In the heart of the Khorat Plateau a highland Northeast of Thailand lays Ban Chiang, Ban Chiang is located in the Nong Han district, Udani Thani Province, Thailand. It is separated from Central Thailand by the Phetchabun Mountains (New World Encyclopedia, 2008). The district is subdivided into 12 subdistricts and then divided into 161 villages. Udan Thani is about 550 kilometers northeast of Thailand’s capital, Bangkok. Its neighboring provinces are Nong Khai, Sakhon Nakhon, Kalasin, Khon Kaen, Nongbua Lamphu and Loei. Another site Due to decades of war and political turbulence, archeology came late to Southeast Asia.

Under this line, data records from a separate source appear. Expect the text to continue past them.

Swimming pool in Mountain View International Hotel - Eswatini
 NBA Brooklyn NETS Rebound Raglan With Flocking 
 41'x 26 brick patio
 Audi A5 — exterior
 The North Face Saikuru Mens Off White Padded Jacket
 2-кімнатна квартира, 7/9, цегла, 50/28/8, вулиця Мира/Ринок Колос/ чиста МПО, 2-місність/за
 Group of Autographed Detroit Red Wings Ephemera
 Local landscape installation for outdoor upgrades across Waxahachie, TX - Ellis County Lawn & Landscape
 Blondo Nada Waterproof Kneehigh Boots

Pre-historic Thailand is represented by some very interesting sites throughout Thailand. Early species is represented by the Lampang Man dating from 1,000,000-500,000yrs ago discovered in
Lampang, northern Thailand. Another prominent archeological site in Thailand is Spirit Cave dating 9000-5500BC it is in northwestern Thailand. Spirit Cave dates to the Neolithic period and was occupied by Hoabinhian hunter-gatherers from North Vietnam (New World Encyclopedia, 2008). Non Nak Tha is an archeological site not far from the Ban Chiang Site in northeastern Thailand it dates 1420-50BC. Non Nak Tha was discovered by the late Chester Gorman and excavated by Donn... [continues]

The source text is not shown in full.